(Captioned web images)
+ + +

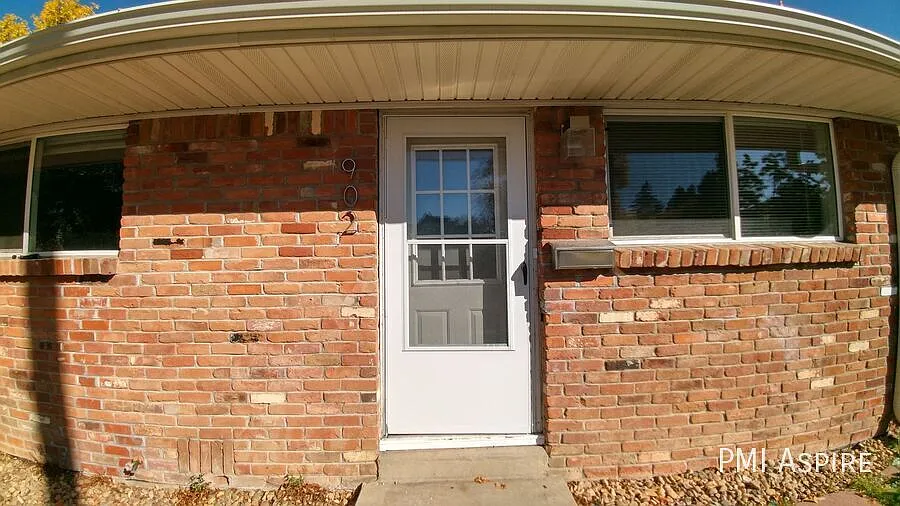 "Charming 2-Bed Retreat in Longmont's Heart Discover Comfort on Tulip St!" — Photo 3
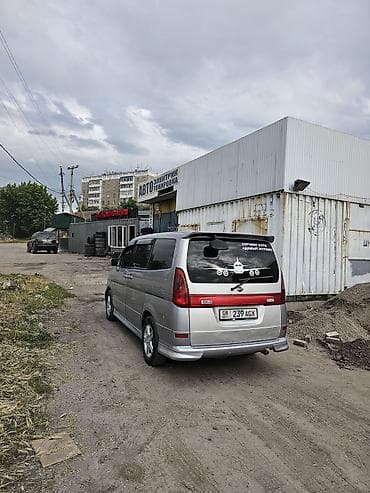 terrano 2: Nissan Serena: 2000 г. — 2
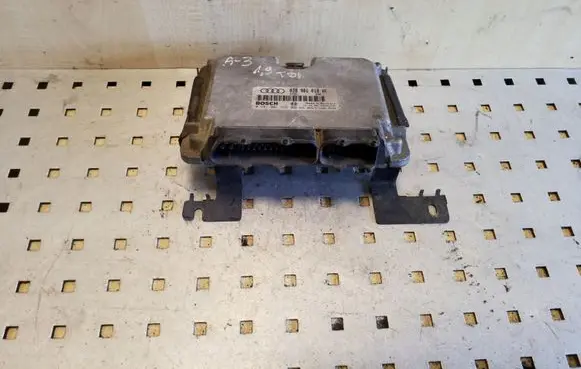 Audi A3 S3 8L Engine control unit/module 038906018AK 0281001852
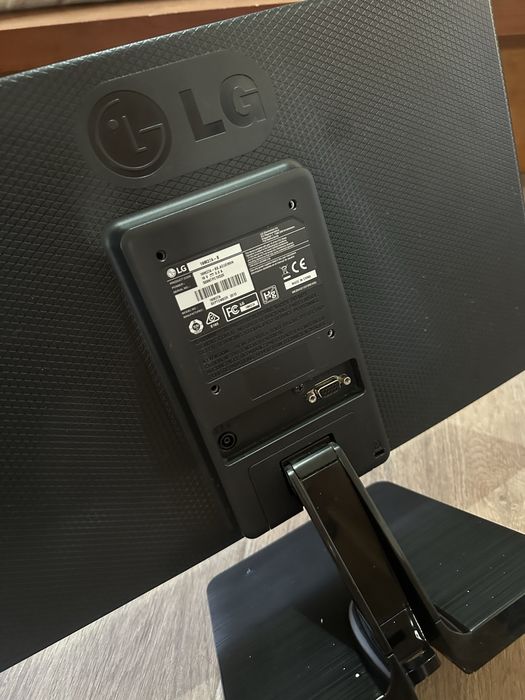 Monitor LG 19” LED (19M37A) com suporte, cabo VGA e transformador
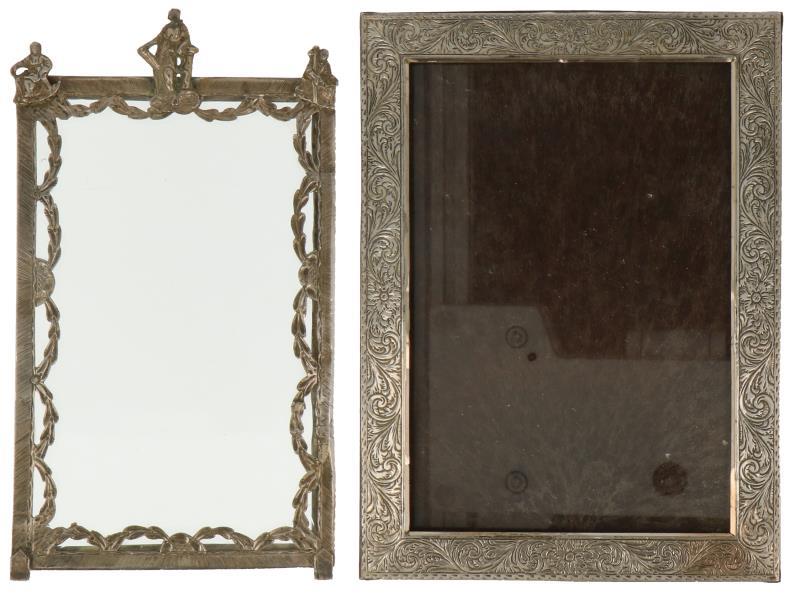 (2) Delig lot fotolijsten waarvan 1 met gegraveerde decoraties en 1 met gegoten decoraties zilver.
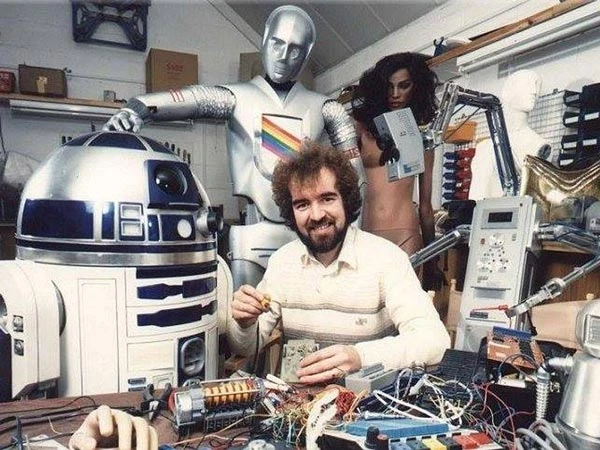 Cha đẻ robot R2-D2 trong “Star Wars” qua đời ở tuổi 68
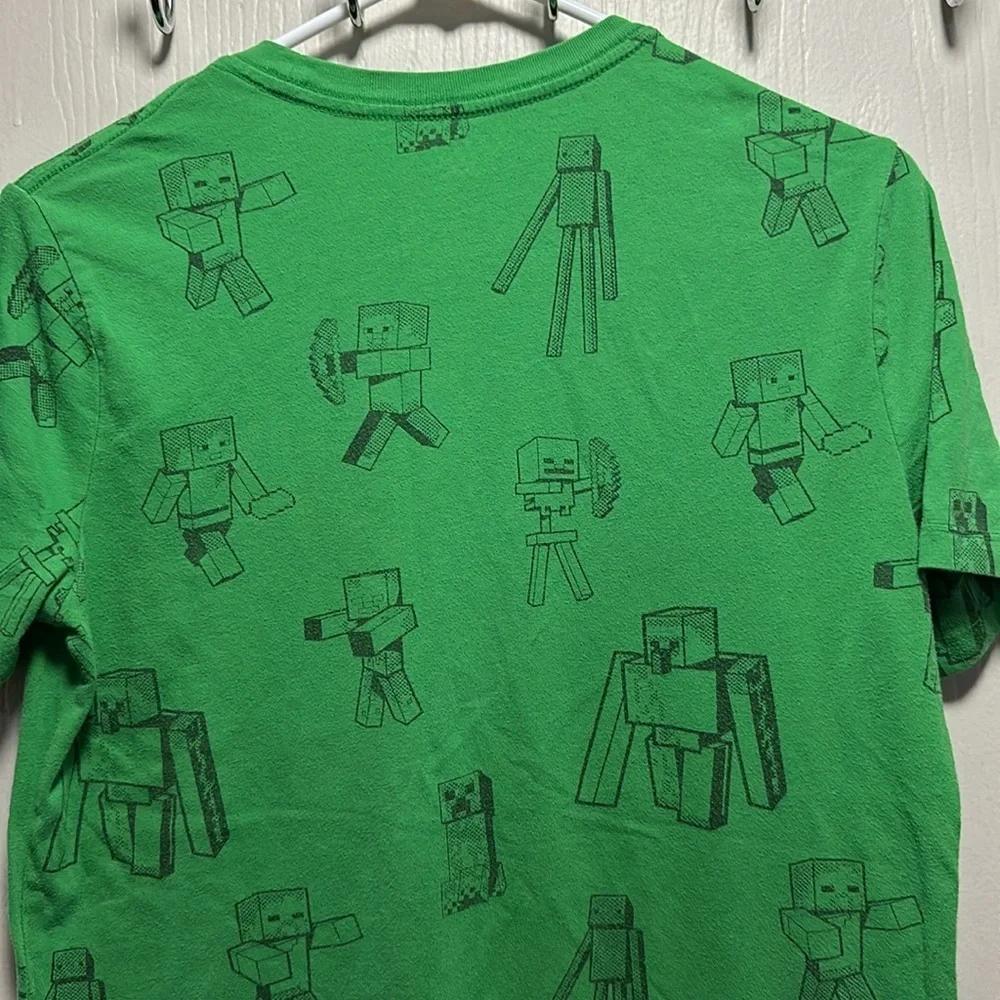 Old Navy Boys XXL (18) Minecraft Creeper Green T-Shirt | Gaming Tee | Kids Youth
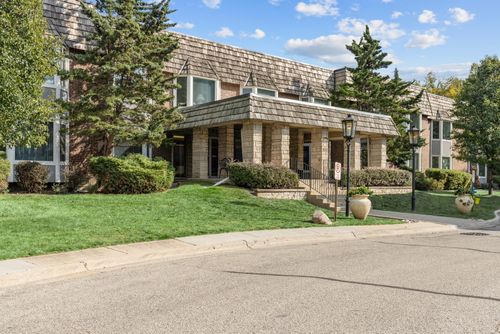 2e-2300 Windsor Mall Court, Park Ridge, IL, 60068 | Card Image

+ + +

» **Work to be completed**:
Emit the lines of the data above from the one containing "VGA e transformador" through its final line, both endpoints included. Pictures do not belong in the output.

» **Answer space**:
 Monitor LG 19” LED (19M37A) com suporte, cabo VGA e transformador
 (2) Delig lot fotolijsten waarvan 1 met gegraveerde decoraties en 1 met gegoten decoraties zilver.
 Cha đẻ robot R2-D2 trong “Star Wars” qua đời ở tuổi 68
 Old Navy Boys XXL (18) Minecraft Creeper Green T-Shirt | Gaming Tee | Kids Youth
 2e-2300 Windsor Mall Court, Park Ridge, IL, 60068 | Card Image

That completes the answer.